The winners of the Hugo Awards will be announced next month and with the Nebula Award winners having been announced in May (two of the biggest awards in science fiction), let's take this moment in between to think about the future in literature and what it actually means to write and think about the future.

When we think about fiction and the future, there are two sub-genres that immediately spring to mind: dystopian and utopian. Most people will be familiar with dystopia; arguably the most popular form of science-fiction that there is. From Atwood's The Handmaid's Tale, The Walking Dead, or the classics of Nineteen Eighty-Four, Brave New World, and Logan's Run, the idea of dystopia appear to be firmly entrenched in Western cultures' collective imaginary. We all have different ideas of what a dystopia might look like, but put simply, it is an imagining of an unpleasant future that could occur through an apocalyptic event, the rise of widespread tyranny, or simply the break down of civil society.

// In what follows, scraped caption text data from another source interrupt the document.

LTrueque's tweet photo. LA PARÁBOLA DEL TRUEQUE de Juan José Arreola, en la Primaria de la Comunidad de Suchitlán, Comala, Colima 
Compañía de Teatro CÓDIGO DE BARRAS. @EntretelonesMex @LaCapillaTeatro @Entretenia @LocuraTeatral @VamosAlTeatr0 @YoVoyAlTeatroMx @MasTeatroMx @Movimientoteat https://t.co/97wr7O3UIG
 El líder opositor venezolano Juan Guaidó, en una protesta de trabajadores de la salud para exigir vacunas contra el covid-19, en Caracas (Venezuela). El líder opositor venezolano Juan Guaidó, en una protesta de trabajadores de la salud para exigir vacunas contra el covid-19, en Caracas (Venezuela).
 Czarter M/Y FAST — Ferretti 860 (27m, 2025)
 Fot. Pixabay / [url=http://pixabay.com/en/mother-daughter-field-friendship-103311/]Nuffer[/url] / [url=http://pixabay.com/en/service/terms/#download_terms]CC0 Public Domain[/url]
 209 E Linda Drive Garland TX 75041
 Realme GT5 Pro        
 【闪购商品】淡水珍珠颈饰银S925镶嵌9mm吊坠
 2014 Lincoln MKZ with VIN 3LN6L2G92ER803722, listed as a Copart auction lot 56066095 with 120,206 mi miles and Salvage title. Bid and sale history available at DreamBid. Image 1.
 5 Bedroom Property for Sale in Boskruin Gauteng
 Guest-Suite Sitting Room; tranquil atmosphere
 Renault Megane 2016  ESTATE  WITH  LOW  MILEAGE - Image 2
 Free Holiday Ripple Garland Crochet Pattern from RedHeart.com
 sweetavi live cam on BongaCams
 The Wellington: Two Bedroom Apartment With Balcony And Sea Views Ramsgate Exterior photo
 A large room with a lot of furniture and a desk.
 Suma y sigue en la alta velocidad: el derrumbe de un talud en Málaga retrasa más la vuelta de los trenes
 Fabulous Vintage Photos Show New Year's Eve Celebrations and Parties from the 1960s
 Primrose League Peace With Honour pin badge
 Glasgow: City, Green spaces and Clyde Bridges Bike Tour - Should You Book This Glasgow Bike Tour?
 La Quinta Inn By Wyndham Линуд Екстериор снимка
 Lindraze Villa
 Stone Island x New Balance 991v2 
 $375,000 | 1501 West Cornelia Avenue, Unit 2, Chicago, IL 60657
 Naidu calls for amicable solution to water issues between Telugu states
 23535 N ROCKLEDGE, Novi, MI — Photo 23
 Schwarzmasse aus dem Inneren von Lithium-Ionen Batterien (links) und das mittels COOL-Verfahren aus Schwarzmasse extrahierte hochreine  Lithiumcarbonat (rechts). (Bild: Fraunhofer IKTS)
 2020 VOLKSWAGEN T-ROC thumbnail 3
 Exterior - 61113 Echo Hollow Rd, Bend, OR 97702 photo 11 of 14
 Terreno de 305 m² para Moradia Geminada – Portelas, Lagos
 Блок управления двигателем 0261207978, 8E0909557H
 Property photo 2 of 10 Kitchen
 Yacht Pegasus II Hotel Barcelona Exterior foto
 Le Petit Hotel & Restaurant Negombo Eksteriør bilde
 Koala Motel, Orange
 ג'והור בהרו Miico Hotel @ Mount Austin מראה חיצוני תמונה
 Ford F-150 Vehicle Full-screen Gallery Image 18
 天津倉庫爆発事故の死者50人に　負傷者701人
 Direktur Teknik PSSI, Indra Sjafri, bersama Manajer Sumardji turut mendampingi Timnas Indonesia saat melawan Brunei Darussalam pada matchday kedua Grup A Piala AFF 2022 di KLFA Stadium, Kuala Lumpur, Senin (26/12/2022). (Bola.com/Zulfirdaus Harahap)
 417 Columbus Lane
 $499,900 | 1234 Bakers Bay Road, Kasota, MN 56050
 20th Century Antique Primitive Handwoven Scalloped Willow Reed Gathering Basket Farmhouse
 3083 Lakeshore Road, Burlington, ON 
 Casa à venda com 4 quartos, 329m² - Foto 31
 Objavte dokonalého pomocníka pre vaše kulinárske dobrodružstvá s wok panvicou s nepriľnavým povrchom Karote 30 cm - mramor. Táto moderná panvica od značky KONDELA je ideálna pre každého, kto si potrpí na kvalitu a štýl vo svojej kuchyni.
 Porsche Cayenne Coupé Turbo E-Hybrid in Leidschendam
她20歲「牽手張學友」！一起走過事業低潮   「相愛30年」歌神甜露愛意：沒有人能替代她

The counterpoint to this bleak storytelling of a world gone to the dogs is utopian fiction. Many people will, as with dystopia, have different ideas of what utopia looks like. So, in this instance I am going to use the pragmatic definition of utopia put forward by Hugo and Nebula award winning author Kim Stanley Robinson: utopia is imagining the best possible outcome given where we are now. What I like about this understanding of utopia is that it doesn't mystify utopia into religious sentimentality but places it firmly into the realm of possibility.

Take Robinison's novel New York 2140 (that has been nominated for the 2018 Hugo Award for best novel) for example. Here we experience a New York that as endeavoured to survive and re-create itself in the wake of catastrophic climate change as the innovation of adaptability of humanity leads to a future despite of the crisis it found itself in. Robinson's Nebula award winning novel 2312 also highlights the redeemable aspects of humankind as they work together to try alleviate humanity's suffering and begin to recreate Earth into something resembling its former self.

Utopian fiction is not about the absence of conflict - no one would want to read or watch a story with no conflict - but the conflict is about the actions taken to prevent the fall into dystopia. Isaac Asimov's Foundation series is a fantastic example of such utopian thinking as the protagonists work to prevent a galaxy wide collapse into unprecedented galactic barbarism. Here, the utopian thinking is about creating a future for humankind that is free of insecurity and suffering.

Other examples of utopian fiction include Ursula Le Guin's The Dispossesed and Arthur C. Clarke's Childhood's End.

So take a moment, and read about the future. Not the future in which everything is awful and the only thing humanity can hope for is survival, but a future in which humanity has a chance to thrive and flourish as it overcomes all the obstacles that could limit it from having a meaningful future existence.

And you might want to try the best novel finalists for this year's Hugo Awards and the winners of this year's Nebula Awards.